# 1975 schwinn speed demon race bike



## bairdco (Dec 21, 2015)

Built this for racing on go kart tracks. Top speed is 45mph. It'd go faster, but geared for the tracks. Modified china motor, custom cannonball tank, cafe seat, welded gussets, weighing in at 48lbs.


----------



## rocketman (Dec 23, 2015)

Bike has a great attitude to it, neat tank also. Im planning to put together a board track racer from a 20's motorbike frame and will be watching this CABE section for tips and idea's. Im planning to go with the China made 80cc kit and read there are a few things to do to them for improvement. Are you satisfied with the engine and anything I might need to focus on?  Thanks


----------



## bairdco (Dec 23, 2015)

The engines are junk. That being said, I used to derive some sort of masochistic pleasure out of tweeking every bit of horsepower out of them, modifying them to double and triple their horsepower, only to have them implode into chinese slag at the track.

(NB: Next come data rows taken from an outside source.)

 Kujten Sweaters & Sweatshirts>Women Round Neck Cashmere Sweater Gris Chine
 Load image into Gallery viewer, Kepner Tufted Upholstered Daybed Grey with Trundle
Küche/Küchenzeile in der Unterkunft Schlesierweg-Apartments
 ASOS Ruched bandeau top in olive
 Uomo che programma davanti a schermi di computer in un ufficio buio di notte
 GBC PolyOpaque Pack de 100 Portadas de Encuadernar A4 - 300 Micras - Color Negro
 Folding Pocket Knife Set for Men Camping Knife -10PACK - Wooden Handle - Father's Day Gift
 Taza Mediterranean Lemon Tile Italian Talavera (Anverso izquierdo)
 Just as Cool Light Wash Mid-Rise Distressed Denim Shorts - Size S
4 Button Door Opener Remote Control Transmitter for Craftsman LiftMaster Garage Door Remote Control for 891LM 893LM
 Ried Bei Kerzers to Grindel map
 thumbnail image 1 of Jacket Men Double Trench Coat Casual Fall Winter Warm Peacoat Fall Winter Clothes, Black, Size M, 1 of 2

I've built a ton of crazy motorized bikes, but I'm not interested in pursuing the chinese motor builds anymore due to the crappy design of the motors.

The bike pictured is the last one I have, and when it blows up, I'll sell it, or convert it into a custom pedal bike. 

There's a race april 2 at the Grange kart track outside of Victorville, CA, and I predict that will be my last race on a china motored bike.

I do have a NOS minarelli V1 moped motor I hope to build a completely custom race bike around, and hope to have it together for that race.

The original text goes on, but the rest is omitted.